THE New Year Honours List provides the usual fodder for debate about who deserves to be featured and who doesn't.

There are those who clearly justify their gongs and those whose inclusion is, at best, questionable. That will always be the case.

But here in the North-East, few could argue with the CBE granted to Brendan Foster. He was a hero on the track in the Seventies - as European champion, Commonwealth champion, and world record holder - but it is his vision in creating the Great North Run for which he will be best remembered.

No other single event comes close to the run for putting the North-East on the map and it is now impossible to imagine the region without it.

But for all he has done to promote the North-East, we hope Brendan will forgive us for nominating another local hero as our pick of this year's honours list.

The word "genius" is greatly overused but in the case of Norman Cornish, it is surely merited. The 88-year-old former pitman from Spennymoor has become famed for his wonderfully iconic images of working- class life in the North.

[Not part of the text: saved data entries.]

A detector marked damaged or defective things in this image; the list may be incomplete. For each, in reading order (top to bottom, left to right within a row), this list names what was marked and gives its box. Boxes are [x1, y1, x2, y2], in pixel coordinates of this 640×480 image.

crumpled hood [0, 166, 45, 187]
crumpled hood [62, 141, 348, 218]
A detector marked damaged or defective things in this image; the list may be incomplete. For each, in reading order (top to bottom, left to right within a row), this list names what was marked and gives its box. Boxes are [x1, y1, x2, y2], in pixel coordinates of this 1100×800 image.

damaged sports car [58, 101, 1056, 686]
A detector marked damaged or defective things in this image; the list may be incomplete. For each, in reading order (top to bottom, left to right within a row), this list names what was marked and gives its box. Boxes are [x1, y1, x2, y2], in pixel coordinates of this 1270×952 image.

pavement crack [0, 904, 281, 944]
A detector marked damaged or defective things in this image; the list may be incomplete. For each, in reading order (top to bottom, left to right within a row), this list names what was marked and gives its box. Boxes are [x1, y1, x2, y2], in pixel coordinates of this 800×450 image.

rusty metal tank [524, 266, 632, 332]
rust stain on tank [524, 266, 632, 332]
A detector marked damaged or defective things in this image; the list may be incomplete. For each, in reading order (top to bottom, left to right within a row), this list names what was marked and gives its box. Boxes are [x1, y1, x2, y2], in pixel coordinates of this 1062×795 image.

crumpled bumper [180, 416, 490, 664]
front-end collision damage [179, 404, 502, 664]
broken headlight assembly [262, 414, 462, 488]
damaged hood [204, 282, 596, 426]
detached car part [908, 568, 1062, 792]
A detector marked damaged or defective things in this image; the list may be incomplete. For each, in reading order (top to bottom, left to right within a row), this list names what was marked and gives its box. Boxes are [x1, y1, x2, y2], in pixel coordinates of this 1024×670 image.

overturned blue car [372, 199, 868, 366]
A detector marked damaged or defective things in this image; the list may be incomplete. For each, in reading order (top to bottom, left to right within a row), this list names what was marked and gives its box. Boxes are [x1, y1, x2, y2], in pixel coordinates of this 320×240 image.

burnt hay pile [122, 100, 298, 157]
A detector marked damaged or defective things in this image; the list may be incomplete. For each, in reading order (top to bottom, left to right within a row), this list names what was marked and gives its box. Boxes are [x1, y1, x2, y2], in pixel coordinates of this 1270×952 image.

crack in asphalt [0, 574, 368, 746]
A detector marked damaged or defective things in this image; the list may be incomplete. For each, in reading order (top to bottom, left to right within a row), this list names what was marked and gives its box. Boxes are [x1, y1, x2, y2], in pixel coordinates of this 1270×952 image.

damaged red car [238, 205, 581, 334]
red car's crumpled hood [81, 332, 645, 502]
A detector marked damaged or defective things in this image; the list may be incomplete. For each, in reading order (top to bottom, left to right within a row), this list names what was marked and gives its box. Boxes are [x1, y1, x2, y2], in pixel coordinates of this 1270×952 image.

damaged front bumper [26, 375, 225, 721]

Signing on as an apprentice at the Dean and Chapter colliery in Ferryhill at 14 and serving 30 years underground, Norman's success has been hard-earned and enduring.

His ability may lack the televisual exposure of the likes of Michael Parkinson and Kylie Minogue, but it is a gift to cherish nonetheless.

The legacy of Norman Cornish will be here for a long time to come and his MBE is timely recognition of a rare talent indeed.